# Do you think the girl comes with the saddle?



## hd3kmize (Jul 19, 2010)

http://cgi.ebay.com/ebaymotors/ws/e...0498957761&viewitem=&sspagename=STRK:MEWAX:IT

Wonder what kind of offers have been submitted? 

...amazing the things you find on eBay these days just to peddle some cool vintage bike inventory.


----------



## DonChristie (Jul 19, 2010)

s-e-x sells!

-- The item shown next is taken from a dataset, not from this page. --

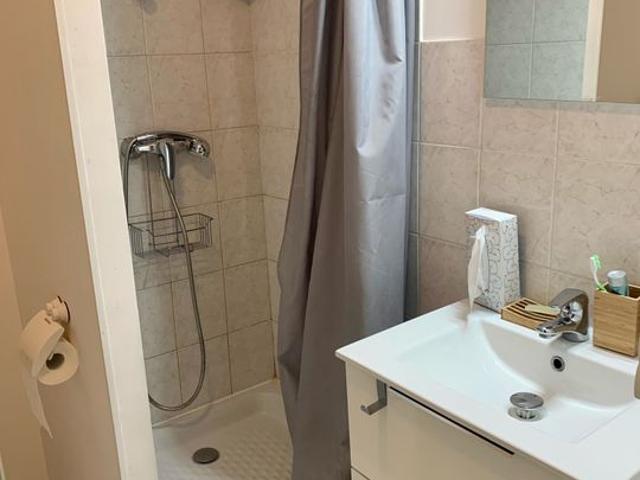 Appartement 2 pièces, 45 m² à louer à Fresnes sur Marne 77410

Daauuummm!


----------



## partsguy (Jul 19, 2010)

schwinndoggy said:


> Daauuummm!





What he said!


----------



## OldRider (Jul 19, 2010)

It got my attention too!


----------



## partsguy (Jul 19, 2010)

hd3kmize said:


> http://cgi.ebay.com/ebaymotors/ws/e...0498957761&viewitem=&sspagename=STRK:MEWAX:IT
> 
> Wonder what kind of offers have been submitted?
> 
> ...amazing the things you find on eBay these days just to peddle some cool vintage bike inventory.





There was a seat there?


----------



## chainmaker (Jul 24, 2010)

The listing says it was disassembled,cleaned and inspected.


----------



## rustyspoke66 (Jul 25, 2010)

So the auction had over 900 hits before it ended. Wonder how many after? Oh and nice seat!


----------